Gold prices fell on Wednesday as the dollar and Treasury yields firmed after U.S. inflation data prompted investors to scale back expectations of an oversized rate cut from the Federal Reserve next week.
Spot gold was down 0.1% at $2,513.19 per ounce.
U.S. gold futures settled mostly unchanged at $2,542.40.
U.S. consumer prices rose only slightly in August, but underlying inflation showed some stickiness, which could dissuade the Fed from delivering a half-point interest rate cut next week.
“Inflation is still here. The consumer is still feeling it. If they do a half, it signals they’re throwing in the towel here… a quarter point is something that they’re almost forced into doing here at this point,” said Bob Haberkorn, senior market strategist at RJO Futures.

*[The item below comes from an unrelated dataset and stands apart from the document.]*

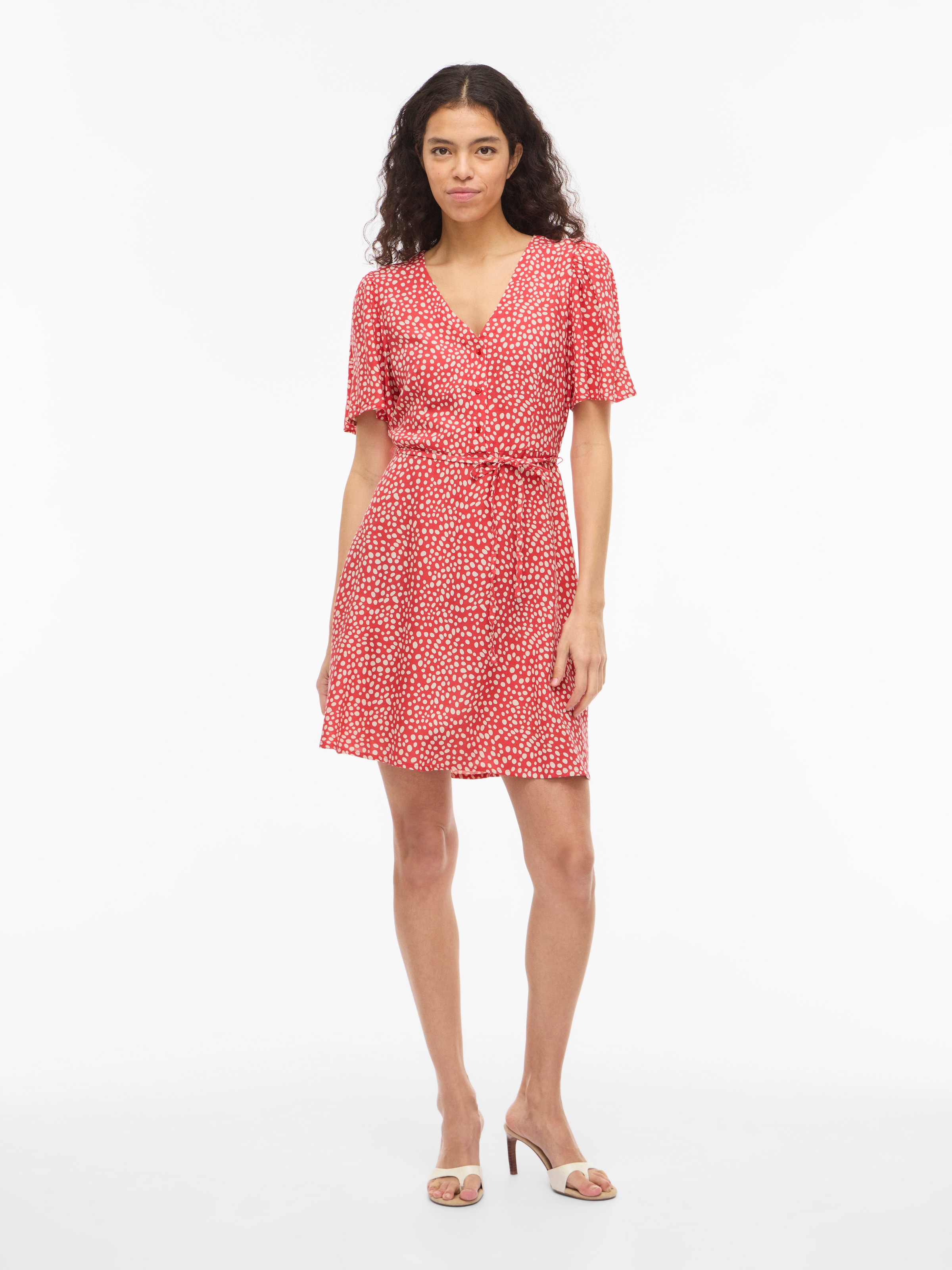 Vila Mini-robe »VIGRACE V-NECK S/S SHORT DRESS - NOOS« robe d'été,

Markets are currently pricing in an 87% chance of a 25-basis-point U.S. rate cut, compared to 71% before the data, the CME FedWatch tool showed.
The Fed will lower interest rates by 25 basis points at each of the three remaining policy meetings in 2024, according to a majority of economists in a Reuters poll that found only nine out of 101 expected a half-percentage-point cut next week.
“The uptick in core CPI has more or less cemented at 25 bps cut next week … A new all-time high (for gold prices) may have to wait just a little longer,” said Tai Wong, a New York-based independent metals trader.
Markets will now look towards the U.S. producer price index reading and initial jobless claims due on Thursday.
Among other metals, spot silverwas up 0.7% at $28.57 per ounce, platinum rose 1.5% to $951.97 and palladium firmed 5% to $1,013.25.
Russian President Vladimir Putin said that Moscow should consider limiting exports of uranium, titanium and nickel in retaliation against the West.
Palladium prices are rising due to changes in export regulations, particularly in Russia, said Daniel Pavilonis, senior market strategist at RJO Futures.